Task description – The records that follow are to be repeated exactly, without any pictures.

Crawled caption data
============

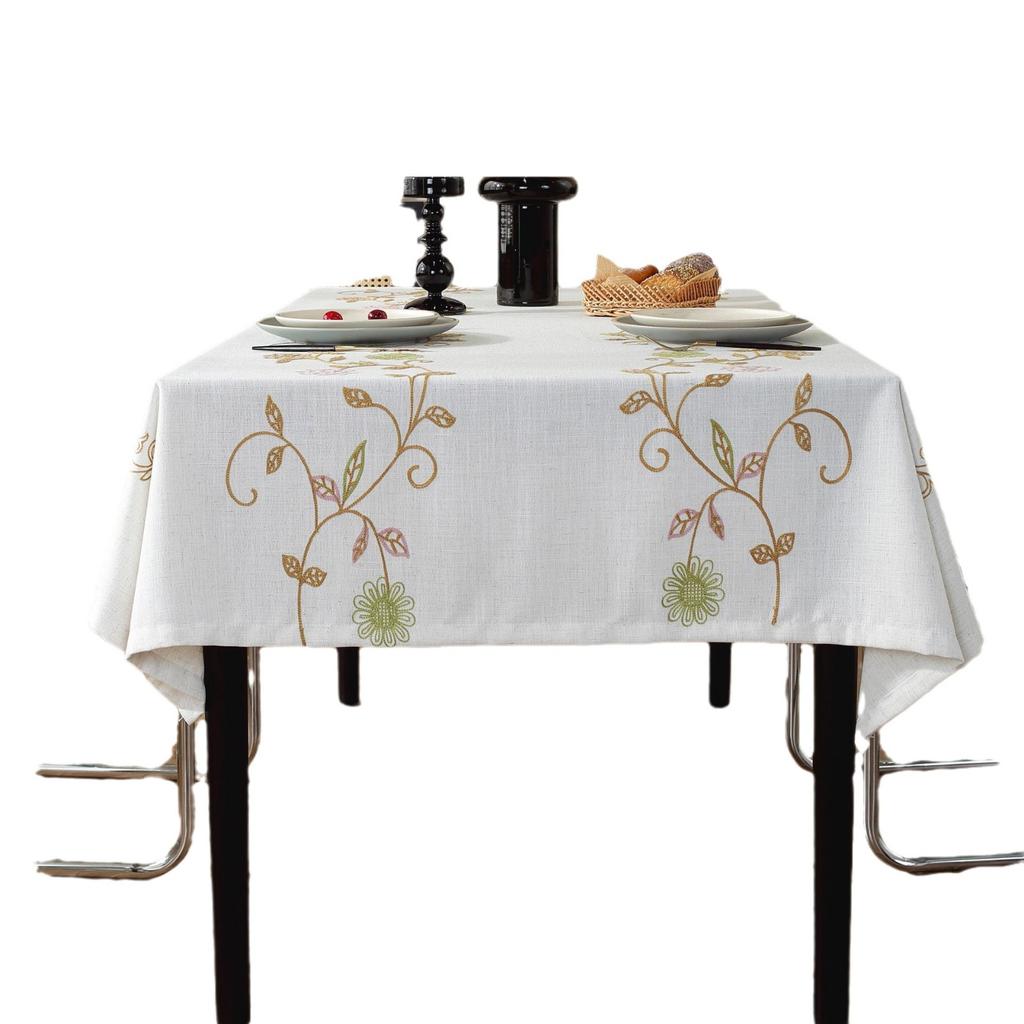 Country Tablecloth Striped Embroidery Flower Linen Heavy Duty Cover Kitchen Dining Table Cloth Home Textiles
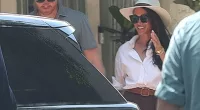 The Duke and Duchess of Sussex were all smiles during their first public outing since their eviction from Frogmore Cottage. The couple are pictured on Friday in Santa Barbara, California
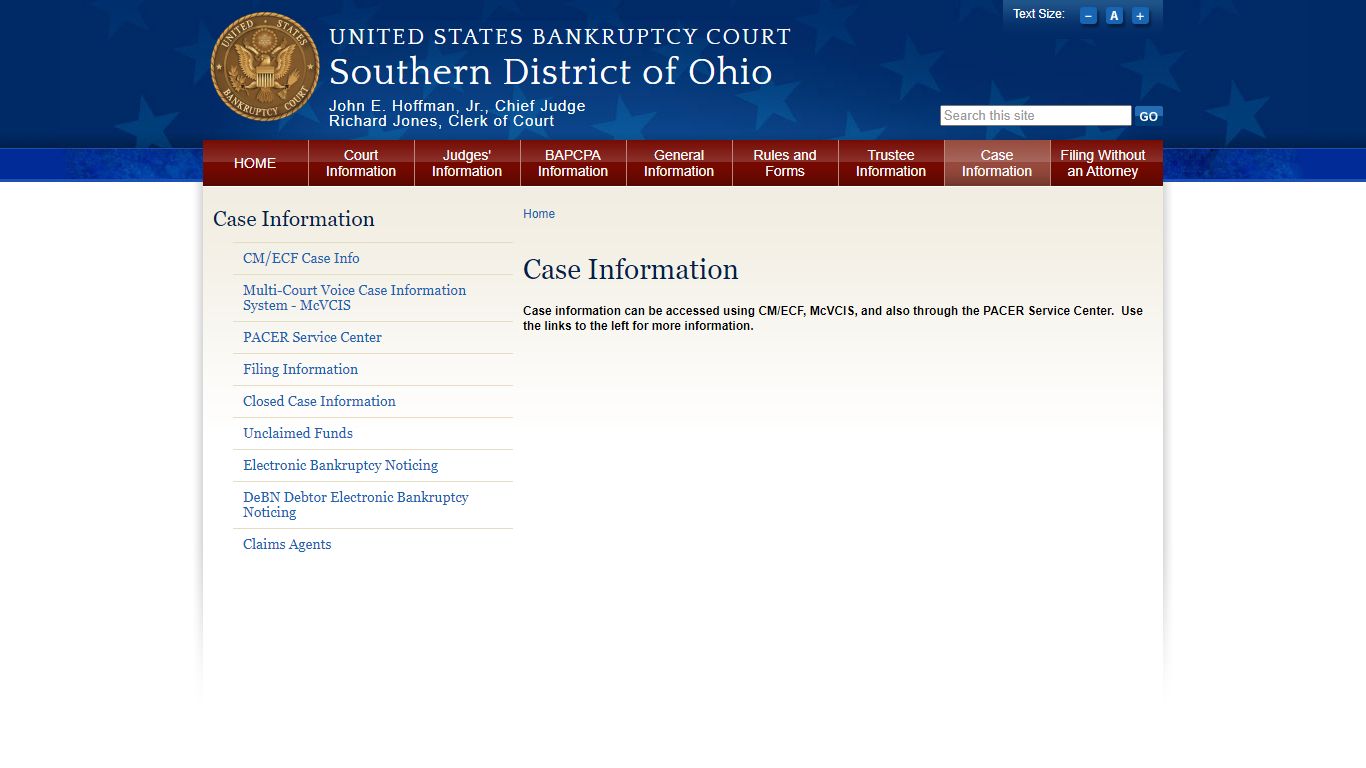 Case Information | Southern District of Ohio | United States Bankruptcy ...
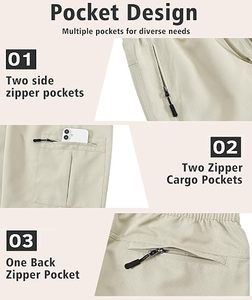 Pantalones Cortos de Golf para Hombre, Premium, Transpirables, de Cintura Media, con Botones, Logotipo Frontal, de Poliéster, Casuales, para Verano, Elásticos, 140g, Tejido - Product Image 5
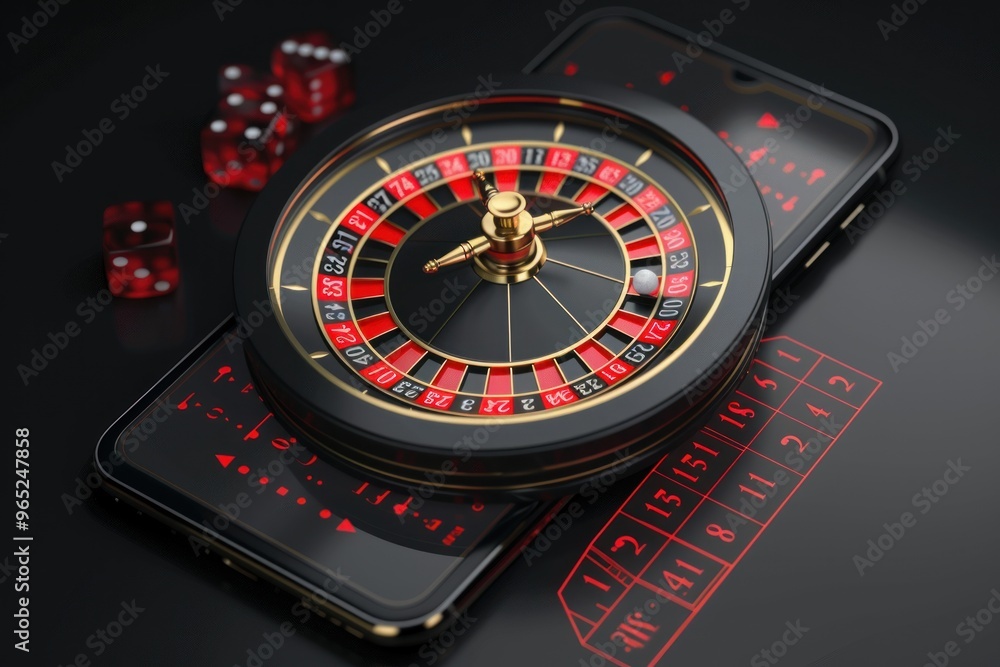 online Casino roulette wheel in motion and phone mockup screen black. ai generative online Casino roulette wheel in motion and phone mockup screen black. ai generative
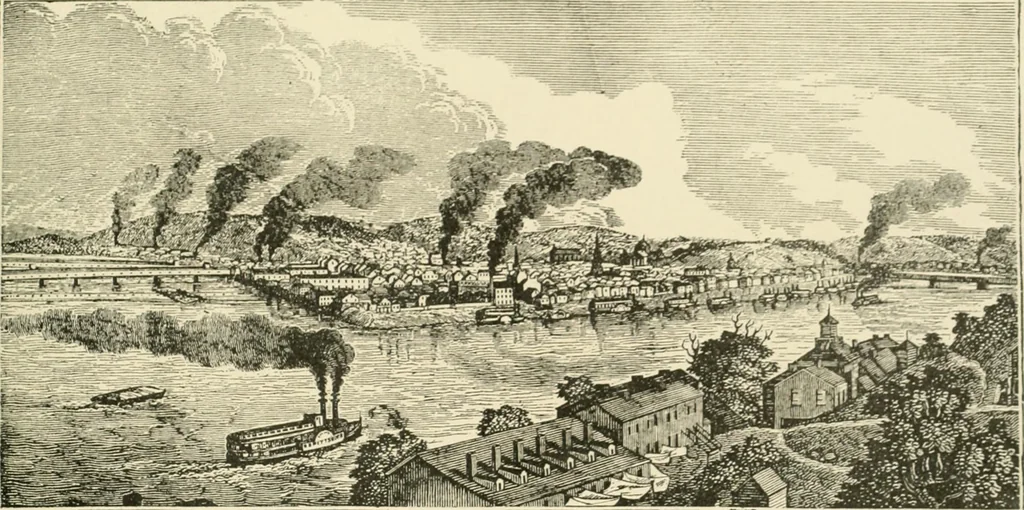 An illustration from "Flems" views of old Pittsburgh : a portfolio of the past precious with memories, 1905, leaf 18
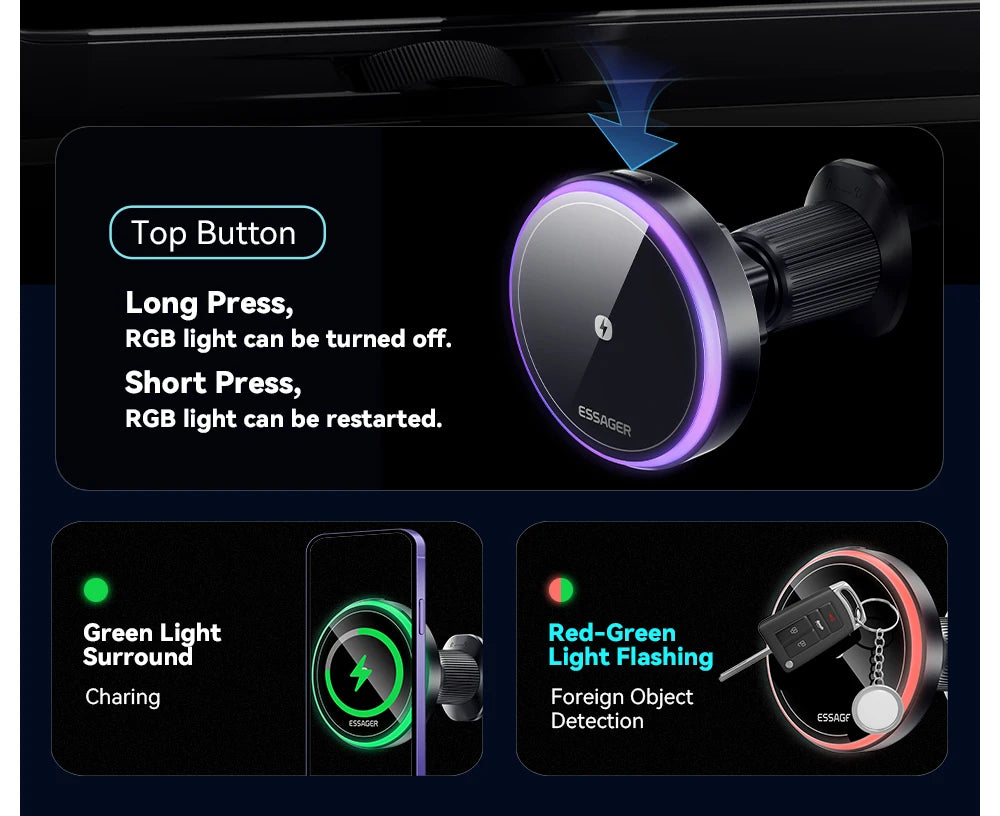 Essager RGB Işıklı Manyetik Kablosuz Araç Şarj Tutucu – 15W Hızlı Şarj, 7 Renkli Işık, iPhone 15/14/13 ve Android Uyumlu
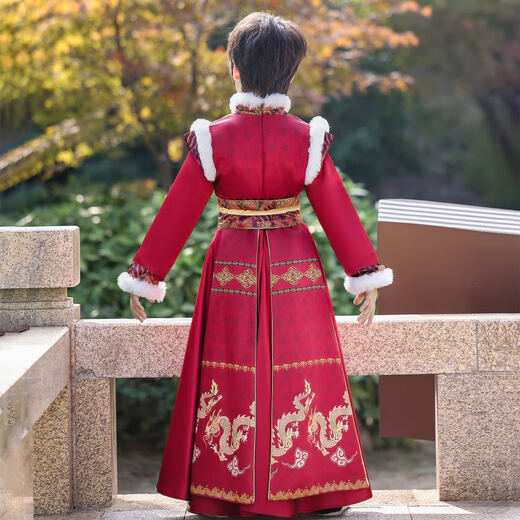 Anneyol Boys Hanfu Autumn and Winter Young Master Tang Suit Winter Boys New Year Clothes Children's Ancient Clothes Winter Clothes Thickened Red 150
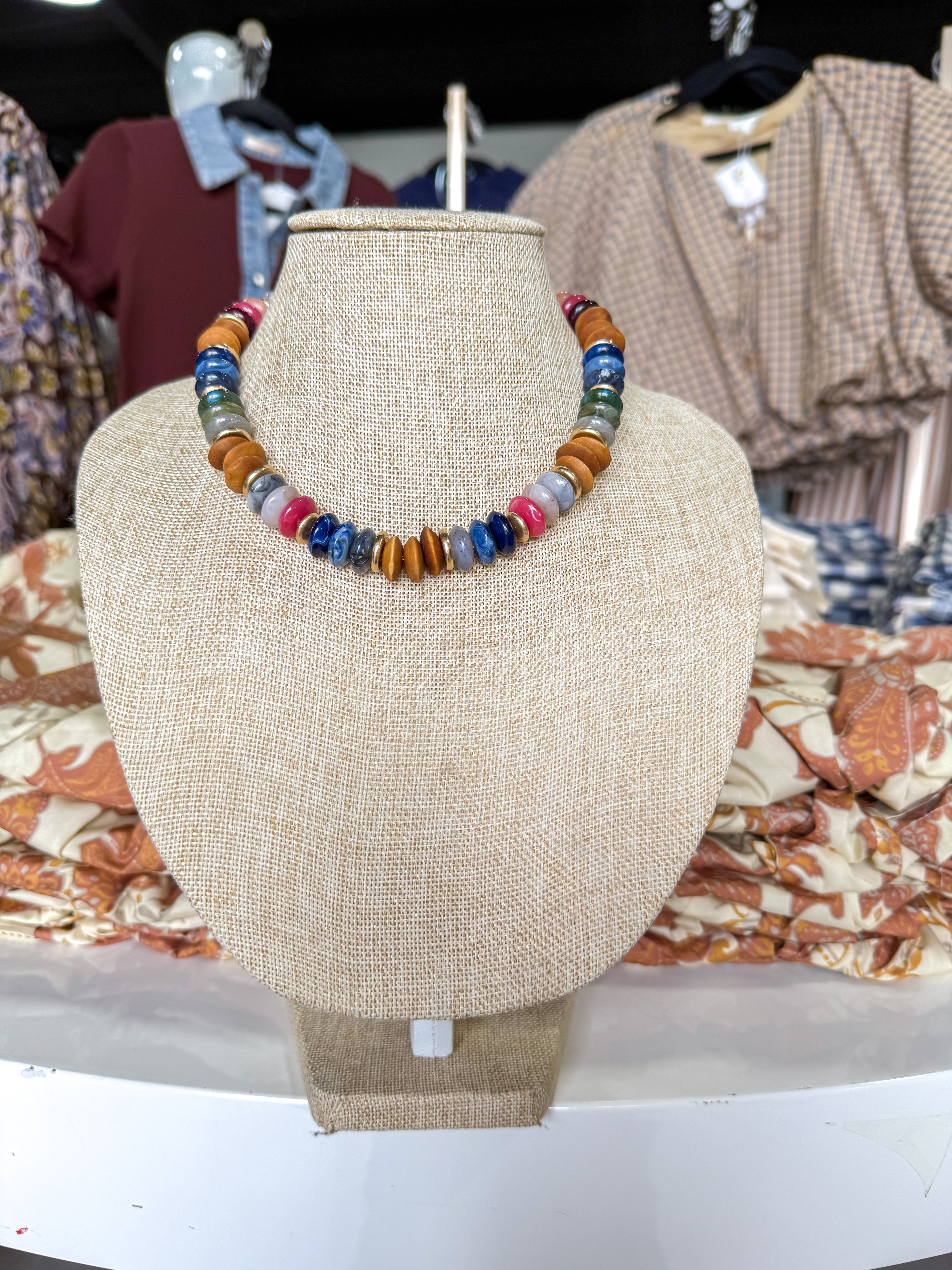 Multi Jewel Tone Beaded Necklace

============

Your response –
 Country Tablecloth Striped Embroidery Flower Linen Heavy Duty Cover Kitchen Dining Table Cloth Home Textiles
 The Duke and Duchess of Sussex were all smiles during their first public outing since their eviction from Frogmore Cottage. The couple are pictured on Friday in Santa Barbara, California
 Case Information | Southern District of Ohio | United States Bankruptcy ...
 Pantalones Cortos de Golf para Hombre, Premium, Transpirables, de Cintura Media, con Botones, Logotipo Frontal, de Poliéster, Casuales, para Verano, Elásticos, 140g, Tejido - Product Image 5
 online Casino roulette wheel in motion and phone mockup screen black. ai generative online Casino roulette wheel in motion and phone mockup screen black. ai generative
 An illustration from "Flems" views of old Pittsburgh : a portfolio of the past precious with memories, 1905, leaf 18
 Essager RGB Işıklı Manyetik Kablosuz Araç Şarj Tutucu – 15W Hızlı Şarj, 7 Renkli Işık, iPhone 15/14/13 ve Android Uyumlu
 Anneyol Boys Hanfu Autumn and Winter Young Master Tang Suit Winter Boys New Year Clothes Children's Ancient Clothes Winter Clothes Thickened Red 150
 Multi Jewel Tone Beaded Necklace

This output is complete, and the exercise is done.